In the 1st pic, not the small green box by the head light. This is the HUD (Heads Up Display). It gives the driver and C/C a view of a speedo, and two warning lights. One for FIRE, the other for GAUGES. 

In the 2nd pic, also see the small accessory hatch to the right. This is for acces to service air, slaving, and trickle charger for the batts. 


Cheers,

Wes


----------



## Trooper Hale (29 Jun 2006)

Armoured Anzac! Nice one. 
And well done to Red, most people would have just laughed at the kid, you took the time to get into details on how his conviction was flawed (do you call a sentance a "conviction"? Statement maybe).
On ya fellers,
Hales


----------



## George Wallace (29 Jun 2006)

Wes

You got pretty much a bare-ass Coyote there.  LAV III has a much better Driver's hatch.  The Exhaust Systems are totally different too.  Most major differences are internal.  The LAV III is also a much larger vehicle.  Tpr Hale can probably get you a couple of pictures to compare the two.


----------



## Franko (29 Jun 2006)

George Wallace said:
			
		

> Tpr Hale can probably get you a couple of pictures to compare the two.



That's if he's not too busy riding around on his mountain bike     

Regards


----------



## 1feral1 (29 Jun 2006)

Ya George, I have only seen a few pics of the LAVIII. Up armoured, heavier, better. But I bet we'll have the Phase 3's for the next 30 yrs here.

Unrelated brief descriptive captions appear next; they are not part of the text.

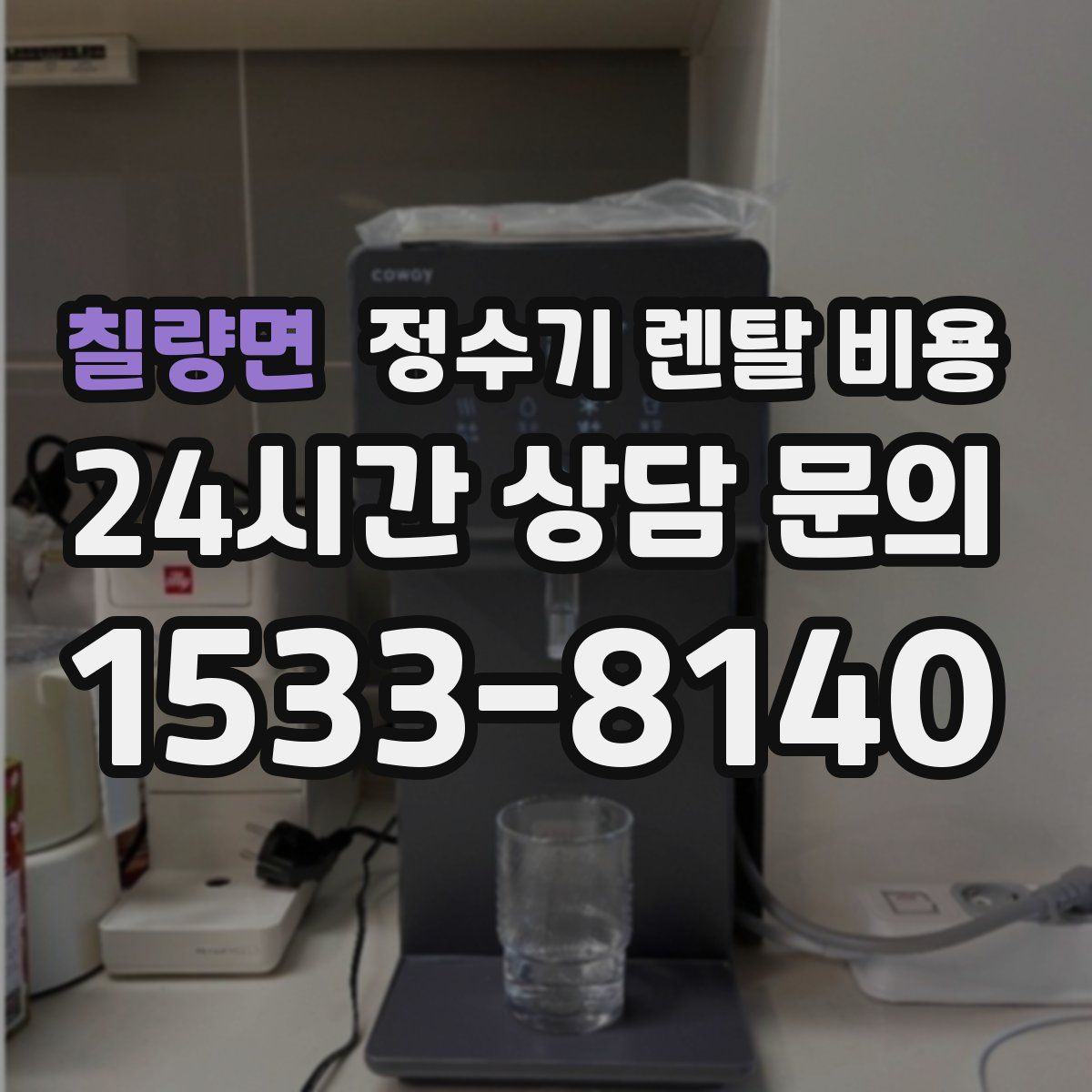 칠량면 정수기 렌탈 비용
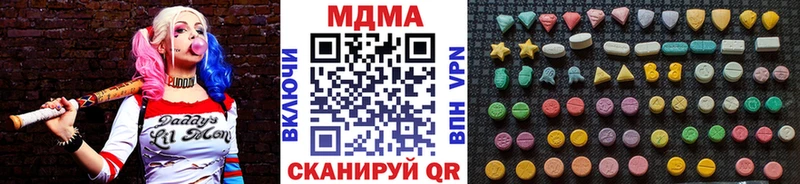 MDMA молли  блэк спрут ссылка  Буйнакск  хочу  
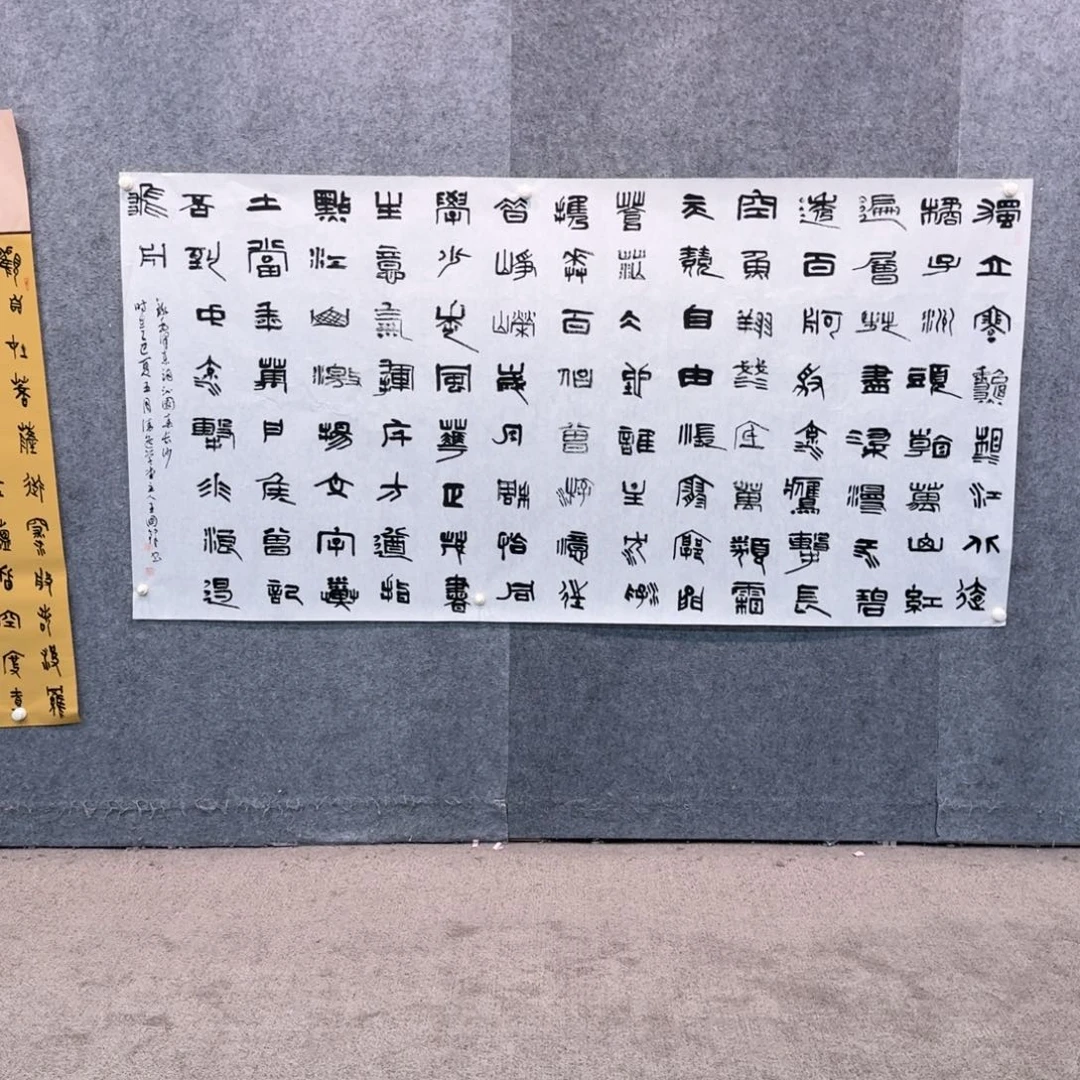 书法书法作品WGF老师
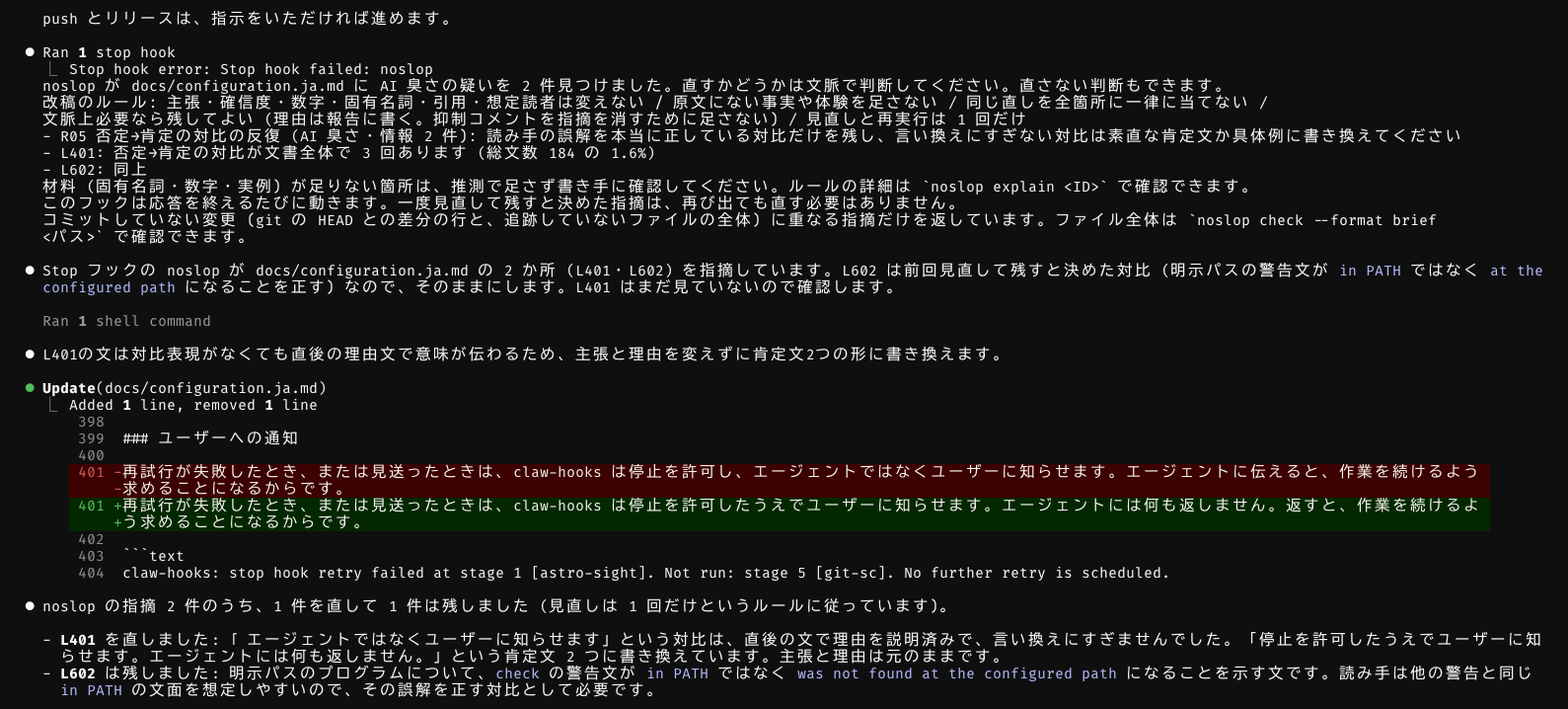 応答を終えたときの noslop のフックによる 2 件の指摘を受け、Claude Code が対比の 1 件を書き換え、もう 1 件を残している画面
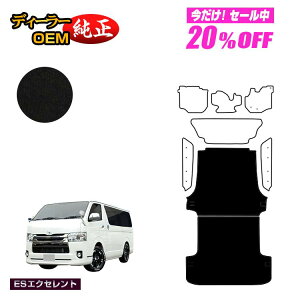 �y5�����20��OFF�z�g���^ �n�C�G�[�X�o�� 200�n ���Q�b�W�}�b�g�i�����O�j �W���{�f�B 2��V�[�g �X�[�p�[GL/DX5�h�A �yES�G�N�Z�����g�z HIACE ���W�A�X�G�[�X�o�� �����d�l ���� �p�[�c �J�X�^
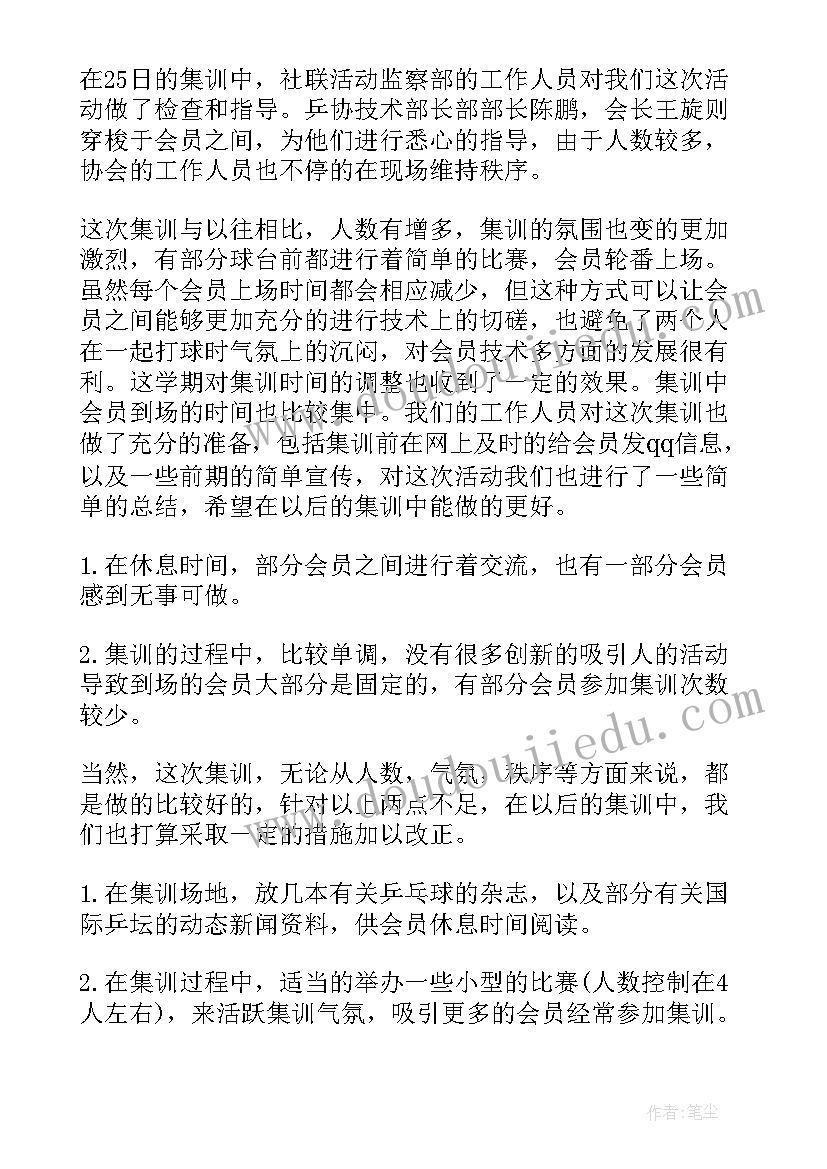 乒乓球社团活动总结 乒乓球社团活动总结乒乓球社团活动记录(模板5篇)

Our cars have been taking abuse with IEDs on several occasions now, and so far, so good. They have been getting good reviews from the lads who are in them.

Cheers,

Wes


----------



## Bzzliteyr (29 Jun 2006)

Wes, that HUD is the same one that's on the Bisons here.  Same with the entry panel.  I believe you guys have the "step-up" version of the lav-25, like the US bought, with improvements from the Bison and LAV-Recce (Coyote).  To me, they are all LAV-2 family with the original LAV-1 being the AVGP family (some suggest USMC lav-25 is LAV-1, I disagree). 

The LAV-3 is a huge beast, taller than our Leo C2 MBT!! Beautiful 20 inch rims (not pimped out) and a CTIS (Central Tire Inflation System).  It's driver position is a godsend compare to the archaic ones of the from er LAV famiies, all it needs is a cup holder!!


----------



## 1feral1 (29 Jun 2006)

I am new to the LAV, posted in where I am at only in December of last year. So still learning.

Ya, we still gotta inflate/defate the tyres manually. Time consuming stuff. I am impressed where these vehicles can go, and what they can do, but in 3 wks of trg on our car alone, we wrecked 4 tyres beyond repair, using the runflats, as designed.

Cause of flats was tree stumps and related bush material. Plus I managed to break a T/rod too. Overall I rate the vehicle a 8/10 performance wise. 

Cheers,

Wes


----------



## Kirkhill (29 Jun 2006)

Hey Wes - what do you rate the driver at? Performance wise.  ;D


----------



## Patrolman (29 Jun 2006)

I am not sure if it is true but, I heard a rumour a couple of years back that the Americans were in the process of upgrading from the 25mm to a 30mm on their Bradleys.
 I am not sure about the tire inflation system on the Lav III  either. When I left 2RCR a year ago we were not allowed to use the system. Apparently it was causing some oil leakage causing the tire inflation system to malfunction. Has it been sorted?


----------



## 1feral1 (29 Jun 2006)

Kirkhill said:
			
		

> Hey Wes - what do you rate the driver at? Performance wise.  ;D





That would be telling



Cheers,

Wes


----------



## Red 6 (29 Jun 2006)

The 30mm chain gun has been around for a long long time. There was talk even in the 80's of upgunning the Bradley with the 30mm, but nothing ever came of it. There aren't any serious plans to up-gun it. Somebody up above mentioned the initial fielding of the Bradley and how much money it cost. I served in one of the first units in Europe to field the Bradley and it was a royal pain in the *** for the first year or so. As a matter of fact, we had a field rep from FMC attached to our squadron for a year. I'm tellin' you guys. You do not want Bradleys.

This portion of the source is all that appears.